The clear / silver combination will give you more of a bright side marker if that is what you are going for. 

If there is anything else, just let me know.


----------



## TGrayEco (Feb 25, 2011)

cruzeman said:


> what do you guys reccomend for a black eco cruze? i added the chrome door handles already.


I'd get the smoke/black or light smoke/black....just depends how dark you're wanting. I like the stealth look, so smoke/black for me if I had a black car.


----------



## ECOsleeper (Apr 3, 2011)

Klearz said:


> Thanks, I guess thats an advantage of being a small company. I can handle a problem as it arises. There isn't much that turns me off more than someone not being happy with one of my products.


Any word on how soon I should expect my order?


----------



## Klearz (Mar 20, 2011)

ECOsleeper said:


> Any word on how soon I should expect my order?


 I would think that it should be there in the next couple days if it isn't in your mailbox right now. 

It took awhile to catch up on orders after modding the molds and process to make stronger clips, but most everything went out last week.


----------



## ECOsleeper (Apr 3, 2011)

Cool thanks. I haven't even bothered to check my tracking number lately. Thanks again.


----------



## cruzeman (Mar 13, 2011)

just placed order for light smoke/black lenses...


----------



## Klearz (Mar 20, 2011)

cruzeman said:


> just placed order for light smoke/black lenses...


 Yup,.. order is recieved. It should ship out today. Thanks alot.


----------



## 70x7 (Apr 24, 2011)

Im digging the clear/black 
I guess I have some thinking to do!


----------



## TGrayEco (Feb 25, 2011)

cruzeman said:


> just placed order for light smoke/black lenses...

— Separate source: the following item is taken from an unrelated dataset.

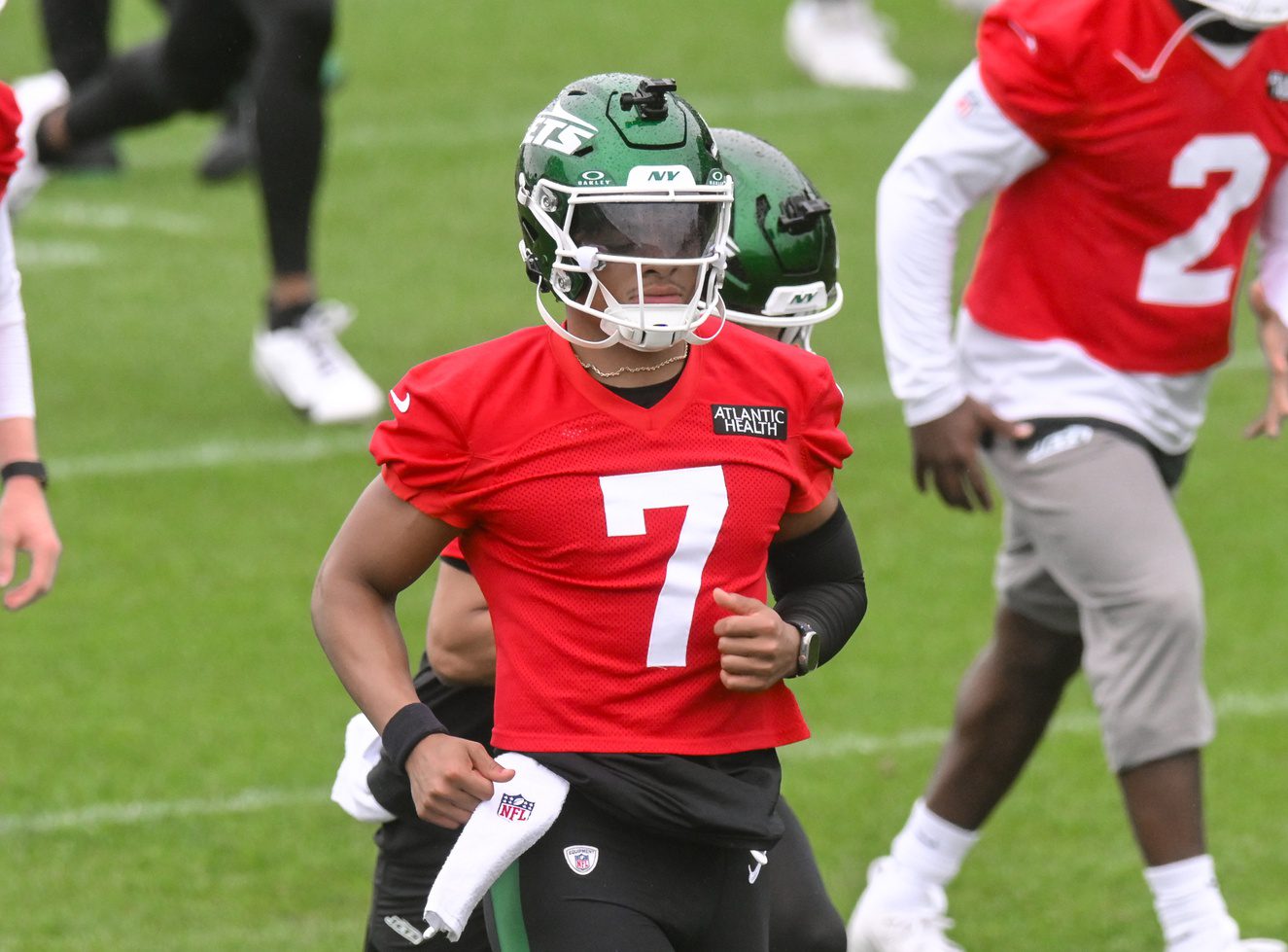 "I'm talking About Aaron's Type Of Level": Justin Fields Impresses Sauce Gardner In OTAs Drawing Similarities To Aaron Rodgers Throwing Style 2 Justine Fields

 Nice choice! Can't wait to see the pictures.


----------



## cruzeman (Mar 13, 2011)

this website is a bad thing!!! wife getting mad that im spending money on my car!!! LOL


----------



## TSURacing (Jan 1, 2011)

LOL yeah, my wife laughed and rolled her eyes at me, but she doesnt actually care. Then she rolled some more when I installed them and explained how I wanted to make them blinkers instead of just side markers. She loves the car, and tolerates me, so its kinda a whateva type scenario.  It just gives her more leverage to buy the stoopid stuff she likes to buy....


----------



## Klearz (Mar 20, 2011)

TSURacing said:


> LOL yeah, my wife laughed and rolled her eyes at me, but she doesnt actually care. Then she rolled some more when I installed them and explained how I wanted to make them blinkers instead of just side markers. She loves the car, and tolerates me, so its kinda a whateva type scenario.  It just gives her more leverage to buy the stoopid stuff she likes to buy....


 
.... and that is the ground work for any functional marriage lol 

I scratch build high detail models of farm tractors and equipment as a hobby when I can find any spare time. It always makes me cringe when the wife comes in the shop and says,... "Ohhh that is sooo cute"... nooo I say, its not cute its "cool" or "badass" lol.


----------



## cruzeman (Mar 13, 2011)

Those tractors are pretty cool!!! thanks for getting the side markers out so fast!!


----------



## jakkaroo (Feb 12, 2011)

what kind of bulb is in the side marker,can i get the bulb at an auto store?


----------



## Klearz (Mar 20, 2011)

Thanks *70AARCUDA*,.. I really enjoy the model building when I have time to do it. That only seems to happen a few times a year though, when the lens business slows up a little.

*Jakaroo*, the side markers use a 194 or t10 wedge bulb. I'm sure you can get them at autozone, napa, etc. I also have them in LED version for sale as well. 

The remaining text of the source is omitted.